Que bela metáfora do mundo atual: em dia de votação presidencial nos EUA, uma quantidade enorme de donos de empresas multimilionárias (a maior parte norte-americanos), andam a passear-se por Lisboa e a ouvir-se uns aos outros na Meo Arena.
Enquanto se decidia se era Hillary Clinton ou Donald Trump a assumir a presidência do país mais rico do mundo (e ainda o mais poderoso), muitos dos empresários mais importantes do mundo estavam entretidos a falar das suas empresas e a fazer networking, demonstrando que, na prática, já não importa muito quem está no Governo dos EUA.
A globalização desregulada que a OMC proporcionou, com a condescendência colaboracionista dos governos ocidentais (nomeadamente dos EUA e da UE), a partir do final dos anos 80 do século passado, resultou, agora, numa efetiva destituição do poder democrático das nações.
Hoje, as alternativas políticas dentro das nações estão constrangidas pela liberdade de circulação do capital, pela liberdade de circulação de bens, serviços e pessoas, e pelo poder das multinacionais.
Hoje, o que a Google, o Facebook, a Apple, a Amazon, a Uber e afins decidem fazer – onde produzir, o que produzir, que algoritmos utilizar, o que fazer com as informações recolhidas dos seus utilizadores, etc. – acaba por ser muito mais determinante do rumo das nossas vidas quotidianas do que as decisões dos políticos que governam as diversas nações democráticas. E isso é dramático. Isso é a destruição da democracia, porque as empresas não são democráticas e os mercados também não.
A globalização não pode continuar a destruir o poder democrático. E estão muito enganados aqueles que pensam que a integração económica internacional é um processo irreversível. A história mostra que esse processo é oscilante, havendo períodos de maior integração que são sucedidos por períodos de menor integração.

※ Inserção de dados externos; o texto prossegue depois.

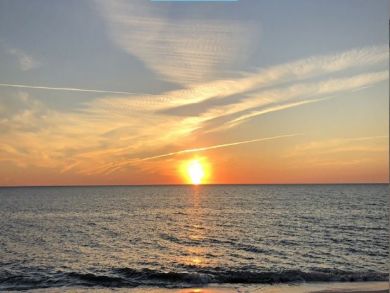Only a Minute to the Beach Anna Maria Vacation Luxury Home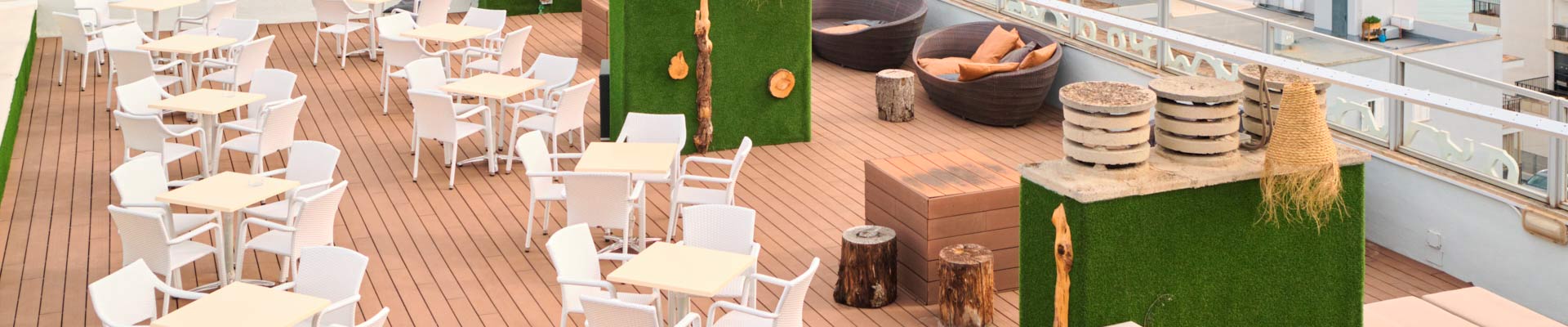 hotel bahia del sol santa ponsa mallorca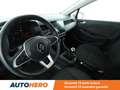Renault Clio 1.0 TCe Business Edition Gris - thumbnail 20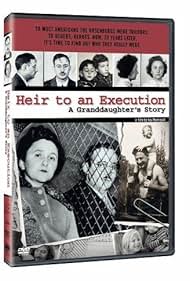 watch-Heir To An Execution (2004)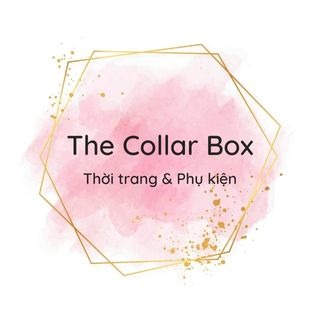 The Collar Box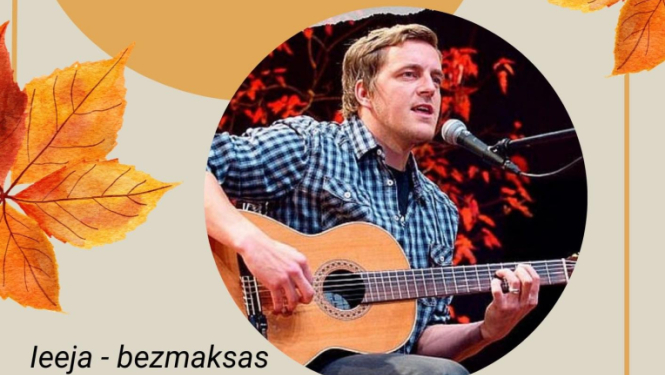 Afisa_Karlis_Kazaks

A globalização do comércio, dos capitais e das migrações tem profundas implicações na vida das populações dos diferentes países, e está longe de ser pacífica ou genericamente positiva. Todos aqueles que, nos países desenvolvidos, têm sofrido com a desregulação da globalização não se vão calar enquanto não virem os seus problemas resolvidos.
Não se pode mais continuar a importar livremente produtos provindos de países ditatoriais, sem direitos laborais, com exploração quase escrava e trabalho infantil ou sem preocupações ambientais. Não se pode também permitir que as empresas das novas tecnologias se transformem em plataformas distribuidoras de trabalho, sem assumirem nenhumas responsabilidades laborais.
Este dumping social e ambiental e esta desregulação laboral é insustentável e tem que ser fortemente combatida. Mas isso só será feito por governantes nacionais que se imponham ao poder já instalado das grandes multinacionais, que muito tem beneficiado com esta desregulamentação. Infelizmente, muitos políticos ocidentais têm-se vendido a esses interesses instalados. Essa perceção de corrupção dos políticos faz nascer a possibilidade de candidatos antissistema virem a ganhar eleições, com consequências imprevisíveis para o mundo.
Todos aqueles que preferem as reformas às revoluções têm que ser fortes defensores da regulação da globalização pois, se nada for feito, a rutura violenta será o mais provável. Ah, já me esquecia: Donald Trump é o novo Presidente dos EUA (e não vai fazer nada do que seria necessário).